Mr James Kelly was born in Co Meath, Ireland around 1868 but other details about his early life are unknown.
He left Ireland as a young man and went to sea; ships he served aboard during the late 1890s and early 1900s included: Teutonic, Lucania, Oceanic, Cedric, and Campania.
He was married around 1897 to Mary Conlan (born circa 1878 in Co Monaghan, Ireland). They went on to be the parents of four children, losing one in infancy. Their eldest surviving child, James (b. 1900) was born in Southampton whilst two more sons, Francis Richard (b. 1902) and John (b. 1908) were born in Liverpool.
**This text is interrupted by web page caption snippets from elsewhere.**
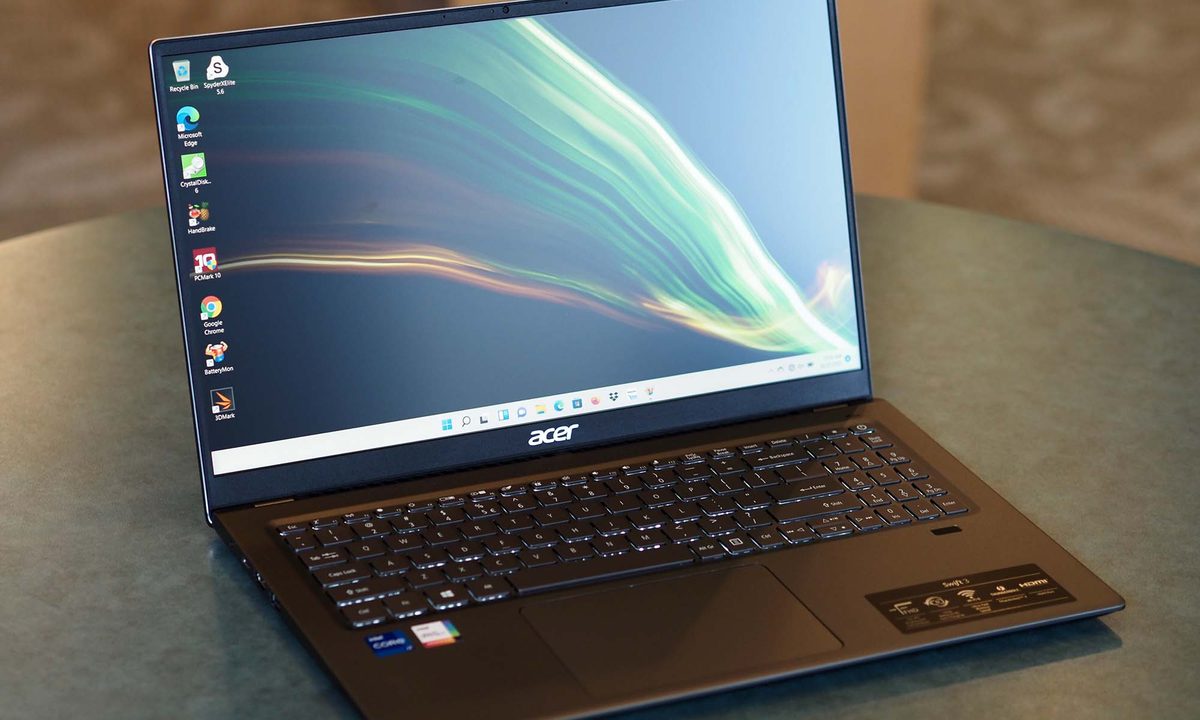 An Acer Swift 3 16 laptop sits on a desk, angled to the right.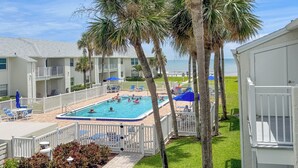 A hotel with a swimming pool surrounded by palm trees and a view of the ocean.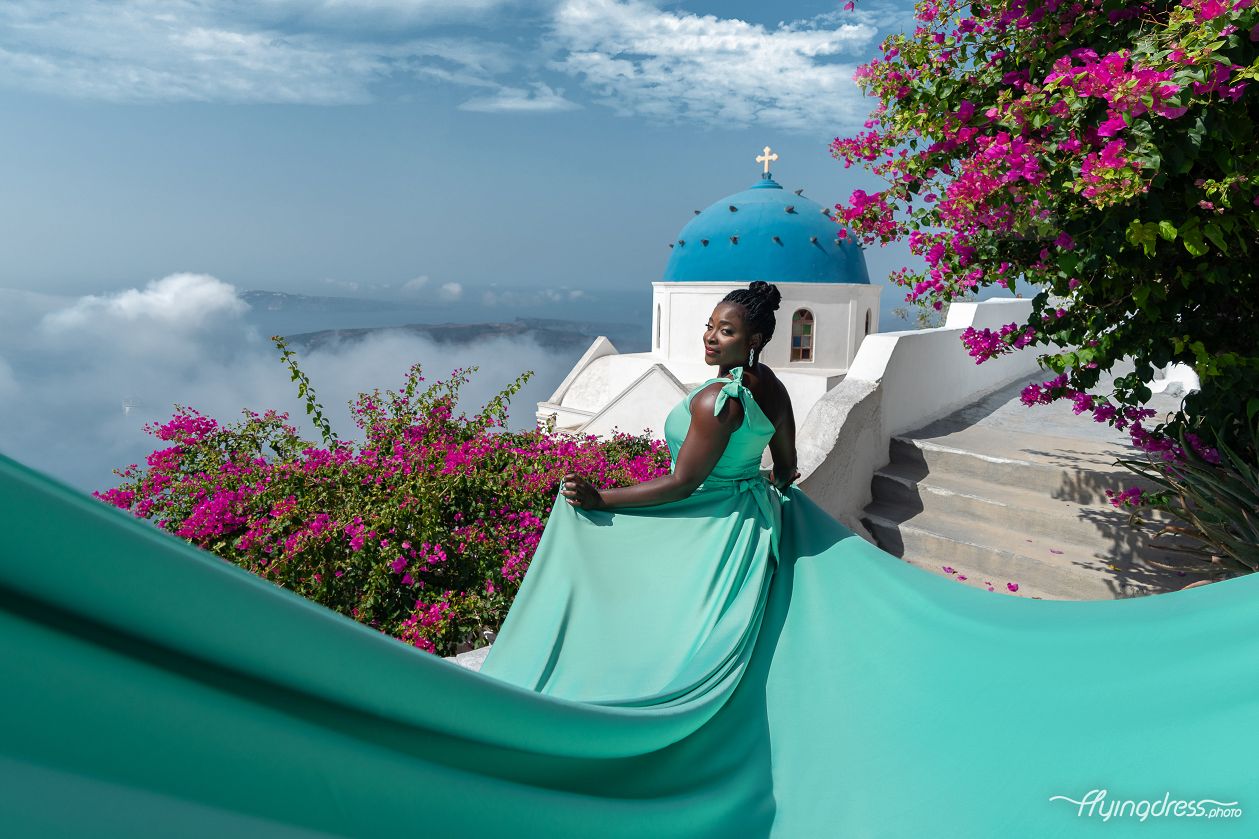 A stunning flying dress photoshoot in Santorini, featuring a woman in a flowing turquoise gown against iconic blue-domed churches and vibrant bougainvillea. Elegant, dreamy, and perfect for capturing the magic of the island.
He, his wife and son James appear on the 1901 English census living at 66 Verdi Street, Seaforth, Lancashire and James was described as a marine fireman. Around 1909 James moved his family southward to Southampton, the White Star Line having changed their port of departure to that city from Liverpool. The 1911 census shows the family living at 12 Woodley Road, Woolston, Southampton. James is still described as a marine fireman and his two elder boys are at school. He was a regular attendee for Mass at St Patrick's Church in Woolston.
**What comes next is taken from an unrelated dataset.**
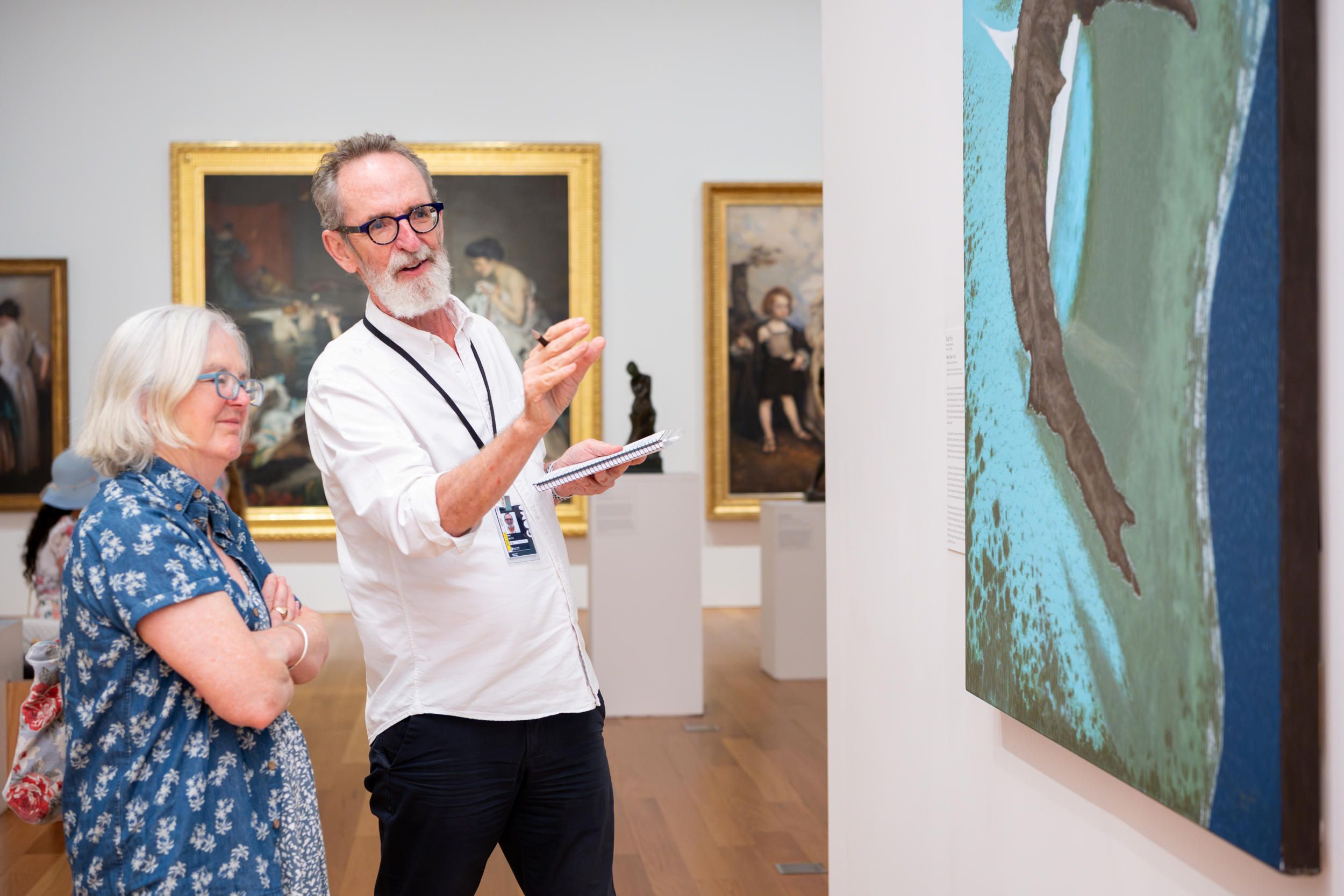 A Volunteer Guide engages visitors on a tour at the Queensland Art Gallery. Photography by Chloe Callistemon | QAGOMA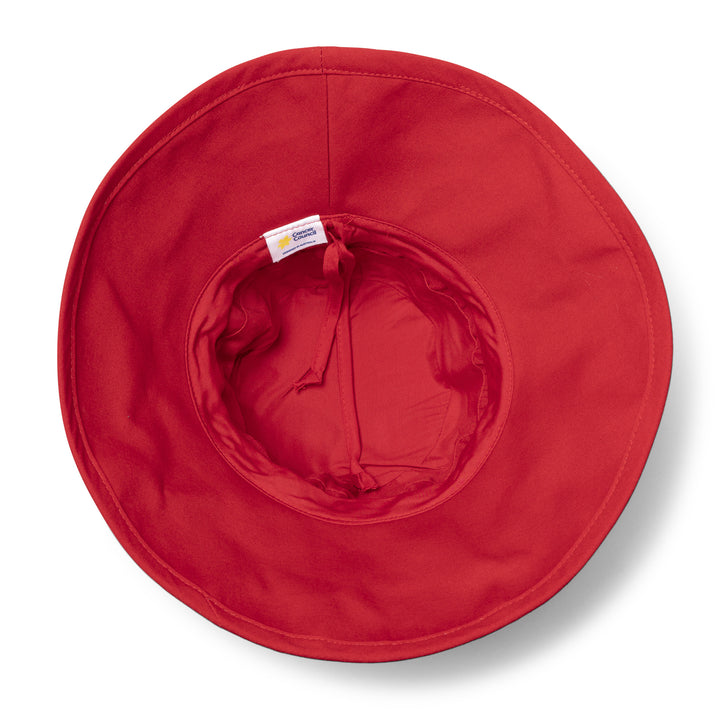 Essential Traveller Hat in poppy red colour, underside of brim showing interior finish and size adjuster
When he signed on to the Titanic on 6 April 1912 Kelly gave his address as 12 Woodleigh Road, Southampton. His previous ship had been the St Paul and as a greaser he would earn monthly wages of £6, 10s.
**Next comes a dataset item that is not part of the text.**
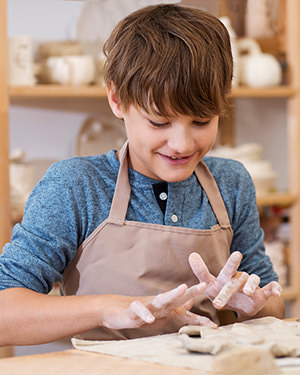 teenager boy works with clay makes ceramic plate in clay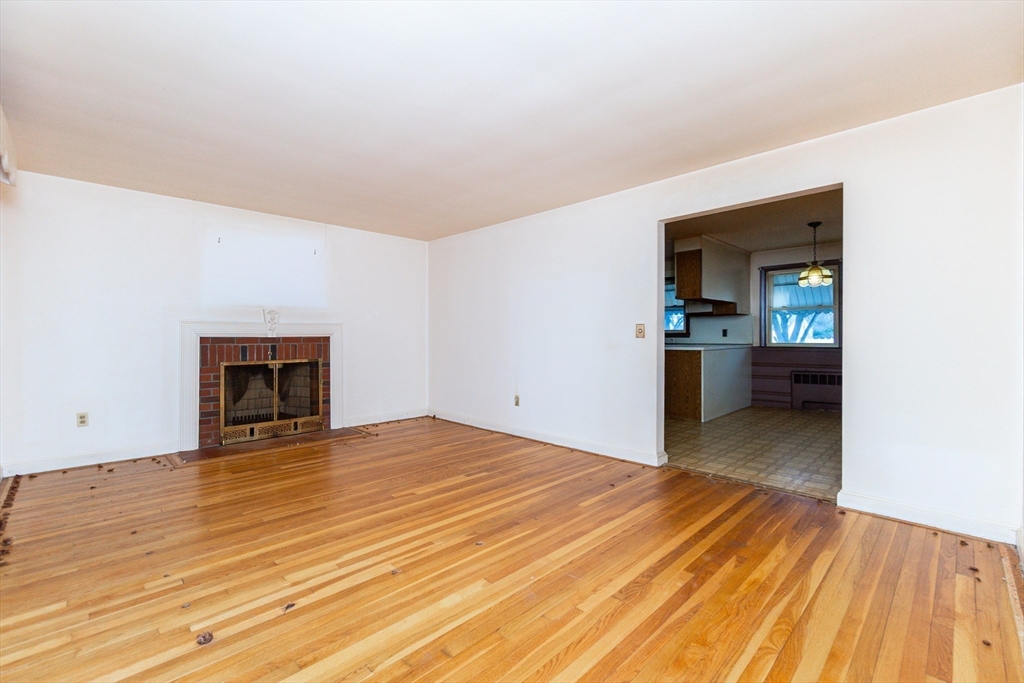 51 Pincushion Road Framingham, MA 01702 - Photo 9 of 42 a view of an empty room with a fireplace and a window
James Kelly died in the sinking and his body, if recovered, was never identified.
His widow and children returned to Ireland and set up home in Co Monaghan where his wife is believed to have died in the early 1920s.
His son Francis became caught up in the changes sweeping Ireland in the early 20th century and became a member of the Irish Republican Army during the Irish War of Independence. Following the creation of the Irish Free State he joined the pro-Anglo-Irish Treaty National Army in which he served for the duration of the Irish Civil War, leaving in 1923 and migrating to America where he married and began a family of four children. He returned to Ireland during the Depression era and made his home in Cork City where he was employed in an automobile plant before once again crossing the ocean and settling in Buffalo, New York where he worked in the printing plant for The Courier Express. He died in 1997.
His son John also settled in Buffalo and worked as a stationery engineer in a newspaper printers and married an American woman, Violet Stebbins (b. 1905). He died in 1987.
His eldest son James is believed to have settled in Ontario but what became of him is not clear.